Trump fired back against Brennan early Monday morning, responding to a veiled threat the former intelligence chief tweeted out to U.S. House Speaker Paul Ryan and U.S. Senate Majority Leader Mitch McConnell Sunday afternoon.
Brennan was likely responding to Trump's earlier tweet calling for the U.S. Department of Justice to investigate itself after leaks to the New York Times and Washington Post revealed that the FBI and/or the DOJ under Obama used an FBI informant to spy on the Trump Campaign in the Summer of 2016. Reports indicate that the informant, 73-year-old Stefan Halper, a Cambridge professor and long-time Republican policy analyst who has reportedly worked covertly to help influence elections in the past, contacted Trump Campaign worker George Papadopoulos.

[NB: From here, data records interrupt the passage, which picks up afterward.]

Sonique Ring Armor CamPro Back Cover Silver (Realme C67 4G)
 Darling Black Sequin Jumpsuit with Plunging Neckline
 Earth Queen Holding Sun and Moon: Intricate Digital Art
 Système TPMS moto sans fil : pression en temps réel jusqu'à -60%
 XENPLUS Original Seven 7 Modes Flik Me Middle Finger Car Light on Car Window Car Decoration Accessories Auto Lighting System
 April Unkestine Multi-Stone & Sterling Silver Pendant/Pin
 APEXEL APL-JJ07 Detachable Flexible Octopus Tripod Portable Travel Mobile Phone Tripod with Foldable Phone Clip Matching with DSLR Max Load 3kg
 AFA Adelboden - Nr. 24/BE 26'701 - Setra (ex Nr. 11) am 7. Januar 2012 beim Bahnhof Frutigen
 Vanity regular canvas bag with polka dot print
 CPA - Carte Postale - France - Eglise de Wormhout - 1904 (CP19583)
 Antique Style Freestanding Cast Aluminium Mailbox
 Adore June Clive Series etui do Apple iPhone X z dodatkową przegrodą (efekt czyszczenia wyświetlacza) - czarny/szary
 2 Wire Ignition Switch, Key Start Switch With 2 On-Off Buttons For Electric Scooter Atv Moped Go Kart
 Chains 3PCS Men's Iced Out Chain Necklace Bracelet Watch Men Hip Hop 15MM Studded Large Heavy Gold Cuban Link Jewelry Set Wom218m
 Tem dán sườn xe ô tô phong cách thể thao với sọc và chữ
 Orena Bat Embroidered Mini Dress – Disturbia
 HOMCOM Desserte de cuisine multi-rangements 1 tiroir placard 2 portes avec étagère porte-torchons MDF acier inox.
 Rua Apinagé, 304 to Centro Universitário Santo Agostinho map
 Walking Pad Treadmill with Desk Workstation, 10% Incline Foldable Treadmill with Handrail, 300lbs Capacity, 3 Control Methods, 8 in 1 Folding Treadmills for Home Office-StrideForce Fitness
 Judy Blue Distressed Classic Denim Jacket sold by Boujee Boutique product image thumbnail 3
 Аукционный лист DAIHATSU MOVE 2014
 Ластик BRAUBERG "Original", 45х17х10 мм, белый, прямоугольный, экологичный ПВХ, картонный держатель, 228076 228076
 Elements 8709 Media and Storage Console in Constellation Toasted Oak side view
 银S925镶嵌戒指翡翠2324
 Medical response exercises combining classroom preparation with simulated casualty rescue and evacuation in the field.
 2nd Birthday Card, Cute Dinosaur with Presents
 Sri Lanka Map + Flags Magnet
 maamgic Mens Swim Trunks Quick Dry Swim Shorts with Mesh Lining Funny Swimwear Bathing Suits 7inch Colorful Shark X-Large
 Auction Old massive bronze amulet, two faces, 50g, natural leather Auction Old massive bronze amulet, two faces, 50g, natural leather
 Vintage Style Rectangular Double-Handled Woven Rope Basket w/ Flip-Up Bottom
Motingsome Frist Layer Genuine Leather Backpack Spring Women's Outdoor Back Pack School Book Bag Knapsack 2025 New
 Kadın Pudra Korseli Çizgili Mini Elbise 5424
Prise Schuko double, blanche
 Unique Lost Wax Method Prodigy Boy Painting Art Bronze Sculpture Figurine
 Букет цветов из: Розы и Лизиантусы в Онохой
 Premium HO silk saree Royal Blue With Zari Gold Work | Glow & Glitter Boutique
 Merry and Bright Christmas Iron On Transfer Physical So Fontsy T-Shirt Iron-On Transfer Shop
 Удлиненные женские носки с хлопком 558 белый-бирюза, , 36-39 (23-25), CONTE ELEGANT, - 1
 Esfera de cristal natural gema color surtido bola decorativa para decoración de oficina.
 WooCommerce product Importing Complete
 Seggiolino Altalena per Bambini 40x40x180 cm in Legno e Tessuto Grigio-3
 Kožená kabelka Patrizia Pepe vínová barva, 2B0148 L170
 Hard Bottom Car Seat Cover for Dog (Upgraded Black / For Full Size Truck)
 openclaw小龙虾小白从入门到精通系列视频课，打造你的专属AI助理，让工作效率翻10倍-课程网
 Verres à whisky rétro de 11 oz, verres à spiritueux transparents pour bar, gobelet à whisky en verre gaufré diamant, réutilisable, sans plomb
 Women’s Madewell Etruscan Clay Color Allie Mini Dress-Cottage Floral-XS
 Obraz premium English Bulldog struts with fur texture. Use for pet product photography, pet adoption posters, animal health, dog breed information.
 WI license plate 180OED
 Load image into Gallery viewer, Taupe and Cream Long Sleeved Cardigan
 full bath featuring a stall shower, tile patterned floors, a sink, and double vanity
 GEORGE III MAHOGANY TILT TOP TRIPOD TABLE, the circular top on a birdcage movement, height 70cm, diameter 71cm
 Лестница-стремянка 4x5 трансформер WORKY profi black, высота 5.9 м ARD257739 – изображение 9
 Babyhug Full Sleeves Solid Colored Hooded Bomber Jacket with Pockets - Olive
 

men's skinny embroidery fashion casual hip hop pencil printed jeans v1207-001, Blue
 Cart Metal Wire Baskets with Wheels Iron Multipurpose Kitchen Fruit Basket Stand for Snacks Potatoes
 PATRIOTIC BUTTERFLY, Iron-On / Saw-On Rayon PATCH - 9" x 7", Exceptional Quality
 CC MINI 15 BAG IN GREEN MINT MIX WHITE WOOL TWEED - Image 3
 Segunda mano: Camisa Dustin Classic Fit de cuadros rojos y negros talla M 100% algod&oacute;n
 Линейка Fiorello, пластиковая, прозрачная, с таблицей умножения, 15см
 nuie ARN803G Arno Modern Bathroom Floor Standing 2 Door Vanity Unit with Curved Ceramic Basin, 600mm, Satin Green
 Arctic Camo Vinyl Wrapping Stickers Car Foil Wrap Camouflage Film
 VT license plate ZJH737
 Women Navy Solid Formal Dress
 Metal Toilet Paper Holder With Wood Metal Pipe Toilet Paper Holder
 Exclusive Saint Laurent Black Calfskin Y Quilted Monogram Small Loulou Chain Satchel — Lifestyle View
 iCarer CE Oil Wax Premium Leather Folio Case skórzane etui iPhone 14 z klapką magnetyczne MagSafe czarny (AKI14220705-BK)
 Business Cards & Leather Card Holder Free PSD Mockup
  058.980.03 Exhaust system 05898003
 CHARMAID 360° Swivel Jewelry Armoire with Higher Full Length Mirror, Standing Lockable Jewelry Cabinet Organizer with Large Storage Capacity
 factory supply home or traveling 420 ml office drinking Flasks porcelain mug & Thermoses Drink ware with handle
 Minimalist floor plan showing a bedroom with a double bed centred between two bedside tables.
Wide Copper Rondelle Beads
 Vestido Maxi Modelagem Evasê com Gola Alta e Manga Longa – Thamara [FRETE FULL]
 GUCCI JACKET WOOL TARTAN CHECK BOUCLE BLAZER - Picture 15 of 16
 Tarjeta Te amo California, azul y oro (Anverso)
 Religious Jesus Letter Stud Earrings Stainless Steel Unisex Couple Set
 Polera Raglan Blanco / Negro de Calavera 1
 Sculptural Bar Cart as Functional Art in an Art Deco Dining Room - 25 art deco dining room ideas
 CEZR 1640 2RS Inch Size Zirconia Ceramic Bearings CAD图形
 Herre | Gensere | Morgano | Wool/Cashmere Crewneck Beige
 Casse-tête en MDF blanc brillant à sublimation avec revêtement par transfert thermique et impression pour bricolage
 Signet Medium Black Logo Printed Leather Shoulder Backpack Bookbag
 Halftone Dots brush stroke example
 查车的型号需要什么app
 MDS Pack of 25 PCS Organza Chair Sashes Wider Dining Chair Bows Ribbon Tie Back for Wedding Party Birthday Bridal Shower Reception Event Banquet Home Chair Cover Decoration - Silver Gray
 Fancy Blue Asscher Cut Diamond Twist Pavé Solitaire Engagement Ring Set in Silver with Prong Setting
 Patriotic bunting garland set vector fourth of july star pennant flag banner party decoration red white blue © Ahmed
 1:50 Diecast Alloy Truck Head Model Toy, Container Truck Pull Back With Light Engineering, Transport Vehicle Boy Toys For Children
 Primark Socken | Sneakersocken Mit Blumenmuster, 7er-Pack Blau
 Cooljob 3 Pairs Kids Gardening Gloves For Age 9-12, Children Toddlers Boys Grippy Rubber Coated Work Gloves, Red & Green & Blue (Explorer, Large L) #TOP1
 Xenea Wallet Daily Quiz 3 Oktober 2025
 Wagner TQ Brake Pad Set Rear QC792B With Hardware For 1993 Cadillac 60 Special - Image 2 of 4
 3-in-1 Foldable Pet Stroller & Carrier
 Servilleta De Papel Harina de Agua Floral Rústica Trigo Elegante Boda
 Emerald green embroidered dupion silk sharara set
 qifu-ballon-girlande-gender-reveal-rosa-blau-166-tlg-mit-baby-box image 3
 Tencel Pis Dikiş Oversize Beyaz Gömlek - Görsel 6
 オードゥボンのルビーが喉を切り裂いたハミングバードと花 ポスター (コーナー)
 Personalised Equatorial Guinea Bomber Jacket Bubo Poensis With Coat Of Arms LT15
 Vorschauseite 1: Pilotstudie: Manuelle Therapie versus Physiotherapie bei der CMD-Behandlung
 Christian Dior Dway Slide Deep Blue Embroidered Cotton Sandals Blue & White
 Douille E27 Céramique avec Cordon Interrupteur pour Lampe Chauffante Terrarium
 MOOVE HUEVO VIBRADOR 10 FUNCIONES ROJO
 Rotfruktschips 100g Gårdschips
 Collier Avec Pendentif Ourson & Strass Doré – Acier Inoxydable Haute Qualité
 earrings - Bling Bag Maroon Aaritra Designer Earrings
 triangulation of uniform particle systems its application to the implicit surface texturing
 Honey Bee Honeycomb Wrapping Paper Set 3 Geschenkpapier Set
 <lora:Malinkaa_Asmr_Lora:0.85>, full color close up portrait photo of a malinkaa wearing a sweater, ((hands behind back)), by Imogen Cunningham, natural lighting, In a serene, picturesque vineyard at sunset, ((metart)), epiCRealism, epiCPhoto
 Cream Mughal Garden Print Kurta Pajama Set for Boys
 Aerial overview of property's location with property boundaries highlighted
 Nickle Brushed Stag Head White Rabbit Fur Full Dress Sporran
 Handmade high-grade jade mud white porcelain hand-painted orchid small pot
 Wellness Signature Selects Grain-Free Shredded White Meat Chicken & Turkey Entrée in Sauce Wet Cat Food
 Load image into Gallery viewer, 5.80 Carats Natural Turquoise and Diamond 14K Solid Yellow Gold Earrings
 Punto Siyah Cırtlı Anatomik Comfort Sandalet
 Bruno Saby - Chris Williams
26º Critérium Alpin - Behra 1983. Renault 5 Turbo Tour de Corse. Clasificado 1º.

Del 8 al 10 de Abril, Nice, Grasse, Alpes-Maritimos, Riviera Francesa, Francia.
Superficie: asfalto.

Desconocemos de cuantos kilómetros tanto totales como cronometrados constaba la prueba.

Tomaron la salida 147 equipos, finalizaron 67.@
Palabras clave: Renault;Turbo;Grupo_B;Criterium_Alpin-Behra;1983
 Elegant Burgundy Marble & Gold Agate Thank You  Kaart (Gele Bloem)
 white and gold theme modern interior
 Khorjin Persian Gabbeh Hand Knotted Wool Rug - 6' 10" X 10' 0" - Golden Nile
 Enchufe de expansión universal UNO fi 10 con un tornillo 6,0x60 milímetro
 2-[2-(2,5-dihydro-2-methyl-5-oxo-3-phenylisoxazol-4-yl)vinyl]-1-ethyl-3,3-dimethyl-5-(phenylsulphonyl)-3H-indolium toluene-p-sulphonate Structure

Papadopoulos was reportedly one of the first people the FBI investigated, using Halper to contact him and extract information from him. Travel records show that the bureau had D.C.-based agents working in London within hours of opening the investigation, which was given the code name of Crossfire Hurricane.
The revelation of Crossfire Hurricane and the FBI's use of Halper to infiltrate a campaign raised lots of criticism and attacks, especially from the Commander-In-Chief, who tweeted out that he would direct the DOJ to investigate the FBI and its own actions during the campaign to find out if Crossfire Hurricane was directed by any members of the Obama Administration.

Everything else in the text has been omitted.